I debiti pubblici dovranno essere resi appetibili con l’offerta di interessi tali, da stroncare le economie sottostanti già alle corde. Come dimostrano queste tabelle; chi pagherà le tasse se la disoccupazione aumenta, chi esporterà, se la produzione industriale non fa che calare?
Occupazione nell’industria
Produzione industriale
La maggior parte degli Stati a imminente rischio default sono in Europa, dove il debito medio supera di 4 volte il PIL, contro le 2 volte degli USA.
Sul Telegraph, Kyle Bass, direttore della Hayman Advisors (una ditta di consulenza finanziaria), dice:
«Il nodo del problema non sono i sub-prime o gli altri prestiti ipotecari, o una o l’altra banca. Gli Stati nel mondo hanno permesso al loro sistema bancario di ingigantirsi senza controllo, e in certi casi di ingigantire fino a rappresentare un passivo insostenibile per i bilanci dello Stato che lo ospita».
Grazie, sane banche europee.
Naturalmente i centri del liberismo anglosassone, la FED e la Banca d’Inghilterra, che sono padroni della loro moneta, già diluiscono il debito «stampando moneta», ossia: la Banca Centrale compra i titoli emessi dal Tesoro, accumulando la molla dell’iper-inflazione futura. Ma almeno, stanno già di fatto, con questo trucco, ripudiando il debito. Nella zona euro invece, la BCE non fa nulla, paralizzata dai suoi statuti e dalla incapacità dei governi europei di architettare un’azione coordinata.
Storia incredibile, di cui i posteri rideranno amaramente: oggi gli Stati si accollano gli attivi allo scopo di garantire i passivi, ossia i patrimoni dei creditori e degli investitori (che hanno sbagliato investimenti in modo plateale), a rischio di rovinare tutti, investitori ma anche risparmiatori e depositanti, oltre che gli Stati stessi.
La strategia sarebbe quella opposta, far cadere il peso sui creditori e gli azionisti del sistema bancario, ossia su quelli che hanno sbagliato tutto, salvando i conti correnti, di cui bisogna garantire il valore.
Naturalmente non si fa. Non solo perchè le banche sono troppo grosse per fallire, ma perchè sono troppo grosse per obbedire. Sono loro che danno ordini agli Stati. Come dimostra il governo USA, i cui apparati finanziari sono in mano a Goldman Sachs.
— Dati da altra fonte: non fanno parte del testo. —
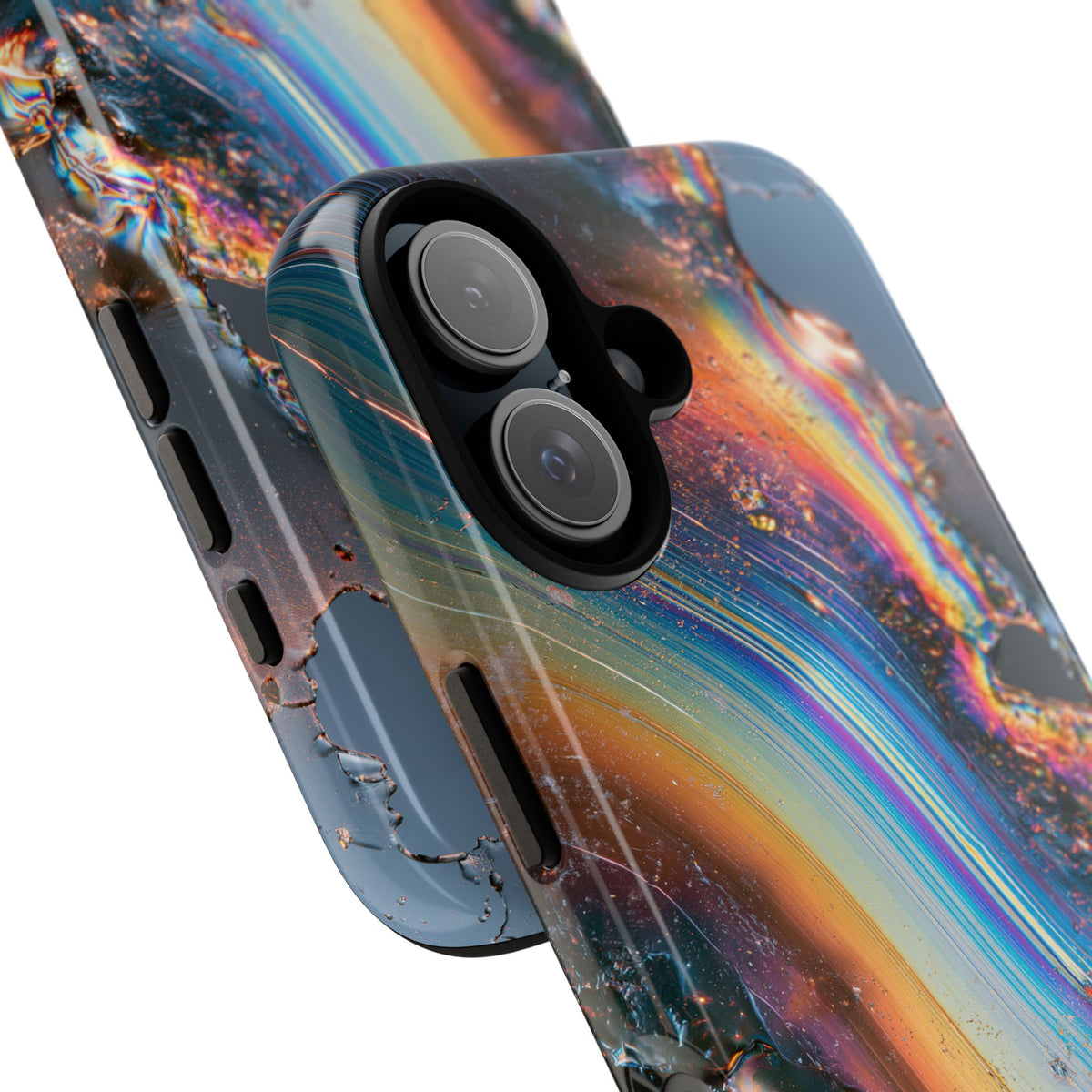 Prismatic Aura Flow · Tough Phone Case for iPhone · Blue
Il default sovrano può essere l’ultima possibilità. Del resto, il fenomeno è già avvenuto più volte: metà degli Stati hanno fatto fallimento sul debito nel 1830, e poi di nuovo attorno al 1930.
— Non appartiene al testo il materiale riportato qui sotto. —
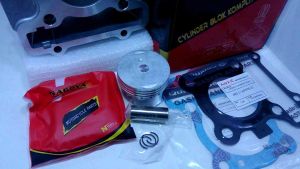 Blok Seher Cylinder Blok Komplit Piston Ring Seher Pen Pison Klip Set Boring Mio J Mio GT Soul GT 115 Xride Os Std Assy Nagoya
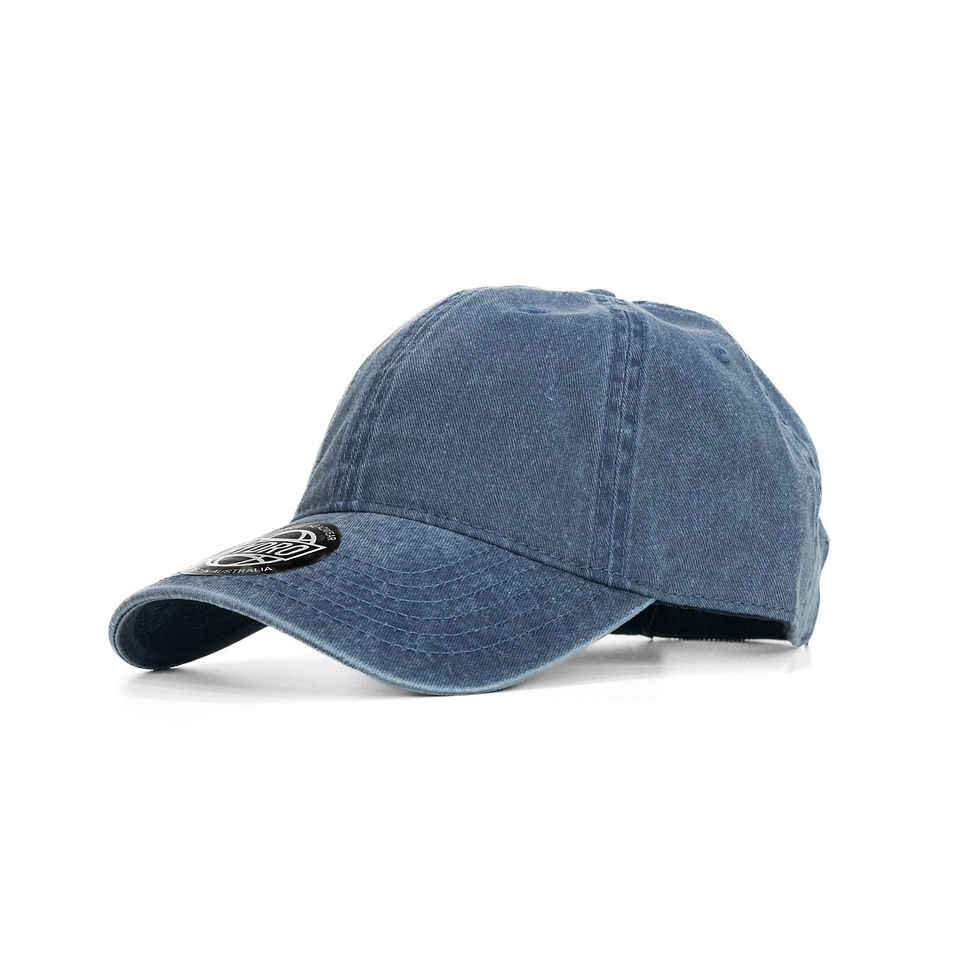 Thumbnail: Stone 6 Panel Chino Cotton Twill Cap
Interessante la conclusione di Evans-Pritchard:
«Le grandi bancarotte sovrane cambiano il mondo. Il default della Spagna di Filippo II ha rovinato i banchieri italiani, cattolici, e ha spostato il potere finanziario ad Amsterdam. Le forze anglo-olandesi (protestanti) hanno avuto i mezzi per stroncare la Contro-riforma, liberare il Nord Europa dall’assolutismo, e penetrare in America del Nord. chi sa quali dislocazioni potranno nascere da questa crisi, se provoca dei default sovrani?».
Il vero e prorpio «tramonto dell’Occidente»? Una cosa è certa, l’Europa, con la sua crisi demografica, politica, industriale e intellettuale, sarà una periferia del nuovo mondo.
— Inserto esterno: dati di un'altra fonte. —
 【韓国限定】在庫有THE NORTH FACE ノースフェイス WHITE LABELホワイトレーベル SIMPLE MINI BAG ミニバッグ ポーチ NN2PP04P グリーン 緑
Il banchiere ha un cartello che dice: «Aiutatemi vi prego, altrimento sarò costretto a rovinarvi tutti».
La passante: «Oh poveretto! Lasci che la aiutiamo nel momento del bisogno! E si tenga un cento milioni per sè, come compenso per la sua abilità gestionale».
1) «Les banques allemandes totalisent 816 milliards d'euros d’actifs à risqué», AFP, 25 aprile 2009.
2) la tedesca Hypovereinsbank, che appartiene a Unicredit, ha 5 miliardi di euro di titoli tossici.
3) Nuriel Roubini, «Quantifying Toxic Assets In Europe: IMF Estimates $1.4T; German Supervisors Calculate $1T (EUR816bn) In Germany Alone», RGE Monitor, 27 aprile 2009.
4) Ambrose Evans-Pritchard, «The capital well is running dry and some economies will wither», Telegraph, 26 aprile 2009.